Not that Rogge and Vancouver officials don't already have full plates. Protesters, who weren't allowed to vent in communist China during the Beijing Games, have reared their ugly heads, with more than 200 donning masks Saturday to smash windows and spray red paint on a well-known department store called Hudson's Bay. Riot police were called, and idiots were arrested. Everywhere you look, safety is an issue at the Vancouver Games.
The mild climate has turned the schedule into a bloody mess, with the men's downhill ski event postponed until Monday and forcing NBC to scramble. And good luck with the freestyle skiing and snowboard events at Cypress Mountain, which required 100,000 cubic feet of snow to be ready for competition. The only winner amid the rain, sleet, snow and fog of Whistler is Lindsey Vonn, whose bruised right shin is slowly healing while the start of her first race, the super-combined, remains in limbo because of the weather. "I'm lucking out pretty heavily because of all the cancellations," she said. "Normally, I would be disappointed. But for my shin, I think, this is the best possible scenario."
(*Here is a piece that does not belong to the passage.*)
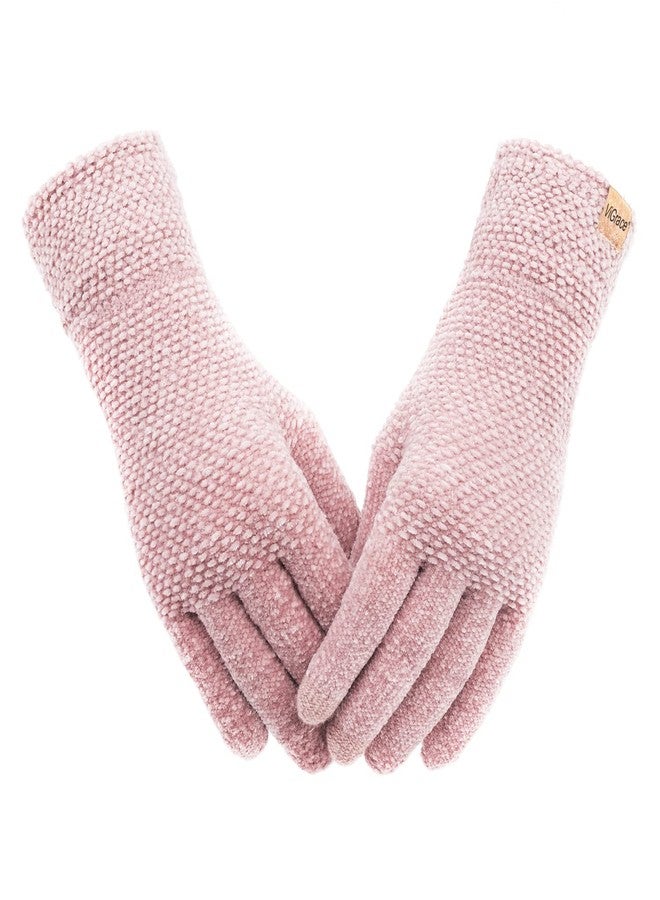 ViGrace Winter Touchscreen Gloves for Women Chenille Warm Knit with 3 Touch Screen Fingers Texting Elastic Cuff Thermal Glove, Pink, L - Image 1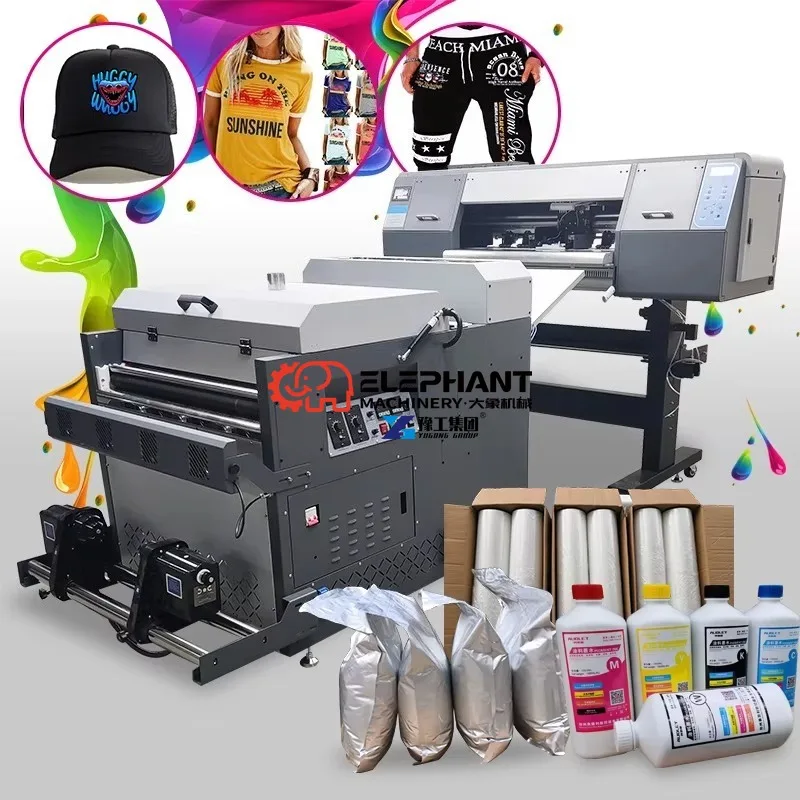 White Ink DTF Printer Plastisol Offset Heat Transfer Inkjet Printing Machine Direct To Film Printer with Shaker and Dryer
The constant rain in the city has dampened moods, creating more of a coastal marine feel than a Winter Olympian vibe. Can anything else go wrong? Even at the Opening Ceremony, already a downer because of the luge fatality, Canadian speedskater Catriona LeMay Doan was left awkwardly holding a torch when one of four electronic pillars didn't lift as planned. Wayne Gretzky was whisked through the city streets on a truck before lighting the Olympic cauldron, and, shockingly, there were no problems with that.
But all of our thoughts remained on the mountainside. As a group, the lugers decided to wear a piece of black tape on the left side of their helmets. "He crashed on the left side of curve 16,'' France's Thomas Girod said, "so we are wearing tape on the left side of our helmets in his memory.''
Finally, somebody at the luge track did something smart.